The Food Safety and Standards Authority of India (FSSAI), the watchdog for the industry, had said in its order that tests conducted on a batch of Maggi were found to contain more-than-permissible levels of lead and high quantities of mono-sodium glutamate.
Refusing also to stay its own order observing that manufacturing and fresh testing would take time, the bench said the ban (called for by the watchdog) was imposed without following the due principles of natural justice. It also said the tests were conducted in unauthorised labs.
Justice Kanade and Justice Colabawalla further said that the company itself had stated it would not manufacture and sell Maggi till it secured a clean chit from labs accredited with the food safety regulator.
Nestle was also directed to provide five samples from each Maggi batch for testing by three labs, while also specifying that only if the lead content was found to be within permissible limits, the company could resume its manufacture and sale.
The significant ruling came a day after Indian authorities announced that they will seek Rs.640 crore as damages from Nestle India for indulging in what they alleged was "unfair trade practice" and mis-statements pertaining to the popular noodles brands.

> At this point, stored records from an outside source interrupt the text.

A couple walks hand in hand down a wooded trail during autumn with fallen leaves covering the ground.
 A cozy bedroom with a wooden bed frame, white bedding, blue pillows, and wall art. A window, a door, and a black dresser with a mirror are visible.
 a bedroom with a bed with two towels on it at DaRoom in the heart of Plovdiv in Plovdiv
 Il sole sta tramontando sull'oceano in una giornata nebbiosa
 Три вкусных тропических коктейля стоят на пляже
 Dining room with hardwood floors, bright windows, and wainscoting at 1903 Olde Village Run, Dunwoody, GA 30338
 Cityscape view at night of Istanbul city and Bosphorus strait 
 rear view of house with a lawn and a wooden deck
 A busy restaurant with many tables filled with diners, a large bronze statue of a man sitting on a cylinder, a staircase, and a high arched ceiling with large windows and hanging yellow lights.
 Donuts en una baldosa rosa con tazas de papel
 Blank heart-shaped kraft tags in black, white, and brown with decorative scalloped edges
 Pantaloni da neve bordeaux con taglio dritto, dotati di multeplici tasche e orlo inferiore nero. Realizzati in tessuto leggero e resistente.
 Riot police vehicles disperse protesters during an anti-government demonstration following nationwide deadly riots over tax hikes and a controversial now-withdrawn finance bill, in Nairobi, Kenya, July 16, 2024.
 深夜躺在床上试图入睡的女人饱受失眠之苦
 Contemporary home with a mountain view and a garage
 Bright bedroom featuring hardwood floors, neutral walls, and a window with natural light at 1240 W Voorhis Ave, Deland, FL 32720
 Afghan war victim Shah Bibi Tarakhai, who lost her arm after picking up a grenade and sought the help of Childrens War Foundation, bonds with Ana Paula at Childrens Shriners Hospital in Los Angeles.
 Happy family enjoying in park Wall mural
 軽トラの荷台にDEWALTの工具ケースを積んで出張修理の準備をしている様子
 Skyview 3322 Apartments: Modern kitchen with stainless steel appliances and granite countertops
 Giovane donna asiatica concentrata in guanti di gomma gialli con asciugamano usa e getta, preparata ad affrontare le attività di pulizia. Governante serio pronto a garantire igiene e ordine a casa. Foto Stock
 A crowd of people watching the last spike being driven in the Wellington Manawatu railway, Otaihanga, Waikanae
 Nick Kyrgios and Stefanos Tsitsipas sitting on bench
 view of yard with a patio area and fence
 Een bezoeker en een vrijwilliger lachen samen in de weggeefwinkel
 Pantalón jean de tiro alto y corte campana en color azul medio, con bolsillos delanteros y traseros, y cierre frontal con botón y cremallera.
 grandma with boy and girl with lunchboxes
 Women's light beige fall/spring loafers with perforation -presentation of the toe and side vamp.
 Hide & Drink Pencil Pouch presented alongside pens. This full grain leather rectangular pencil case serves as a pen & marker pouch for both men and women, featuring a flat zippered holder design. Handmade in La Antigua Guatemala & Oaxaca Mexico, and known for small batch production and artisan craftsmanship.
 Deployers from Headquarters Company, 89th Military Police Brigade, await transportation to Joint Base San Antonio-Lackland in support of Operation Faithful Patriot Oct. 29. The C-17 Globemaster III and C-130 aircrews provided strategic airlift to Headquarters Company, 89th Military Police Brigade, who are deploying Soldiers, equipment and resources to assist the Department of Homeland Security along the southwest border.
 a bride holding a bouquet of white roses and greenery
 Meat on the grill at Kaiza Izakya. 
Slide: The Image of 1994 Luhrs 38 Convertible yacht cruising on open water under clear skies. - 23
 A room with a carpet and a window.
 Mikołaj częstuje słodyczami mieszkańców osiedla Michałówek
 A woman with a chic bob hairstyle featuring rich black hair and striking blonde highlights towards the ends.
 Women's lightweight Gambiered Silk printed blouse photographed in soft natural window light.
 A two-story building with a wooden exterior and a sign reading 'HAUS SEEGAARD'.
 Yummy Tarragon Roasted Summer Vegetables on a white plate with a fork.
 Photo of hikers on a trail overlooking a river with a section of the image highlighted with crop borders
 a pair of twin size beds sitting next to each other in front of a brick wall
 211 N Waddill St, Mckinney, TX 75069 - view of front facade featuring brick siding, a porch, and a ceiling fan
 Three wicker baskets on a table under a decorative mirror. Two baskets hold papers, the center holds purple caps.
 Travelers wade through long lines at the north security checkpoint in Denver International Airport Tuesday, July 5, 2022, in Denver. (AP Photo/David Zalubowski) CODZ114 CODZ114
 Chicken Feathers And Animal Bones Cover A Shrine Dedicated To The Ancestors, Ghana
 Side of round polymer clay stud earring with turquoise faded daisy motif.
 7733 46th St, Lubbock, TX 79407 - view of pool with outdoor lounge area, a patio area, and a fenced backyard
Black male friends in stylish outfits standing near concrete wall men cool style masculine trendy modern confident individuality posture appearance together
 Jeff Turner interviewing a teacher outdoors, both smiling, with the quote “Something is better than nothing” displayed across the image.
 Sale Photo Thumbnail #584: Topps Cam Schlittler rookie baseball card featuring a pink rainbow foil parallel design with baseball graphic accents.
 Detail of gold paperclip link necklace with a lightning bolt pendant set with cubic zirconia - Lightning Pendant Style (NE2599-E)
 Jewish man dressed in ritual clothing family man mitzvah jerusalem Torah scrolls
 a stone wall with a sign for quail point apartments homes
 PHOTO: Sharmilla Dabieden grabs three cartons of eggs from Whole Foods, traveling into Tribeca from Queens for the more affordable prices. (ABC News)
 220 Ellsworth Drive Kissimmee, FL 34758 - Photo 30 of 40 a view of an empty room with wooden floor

The National Consumer Disputes Redressal Commission (NCDRC) is set to hear the case on Friday.
However, the company said recently that more than 2,700 samples of Maggi noodles have already been tested by laboratories in India and abroad in recent months and all have concluded that the lead content was far below permissible limits.
The company also said that five samples tested by the government-accredited referral food laboratory, Central Food Technological Research Institute, Mysuru, on samples sent by the Food and Drug Administration (FDA) of Goa, had also found similar results.
"Maggi noodles made in India have been tested and found to be safe for consumption by the authorities of several countries across the world."
Among the four divisions of Nestle India, the category of "prepared dishes and cooking aids", which broadly translate into Maggi, accounted for 31.5 percent of sales in 2014, as per a presentation by the company to analysts.
The Maggi unit also saw a 1.8 percent increase in volumes in 2014 over the previous year and 8.1 percent rise in value at Rs.21.4 billion
Of the remaining divisions, the category of "milk products and nutrition" had the largest share of 47.1 percent, followed by 12.2 percent for "chocolates and confectionery" and 9.2 percent for "beverages".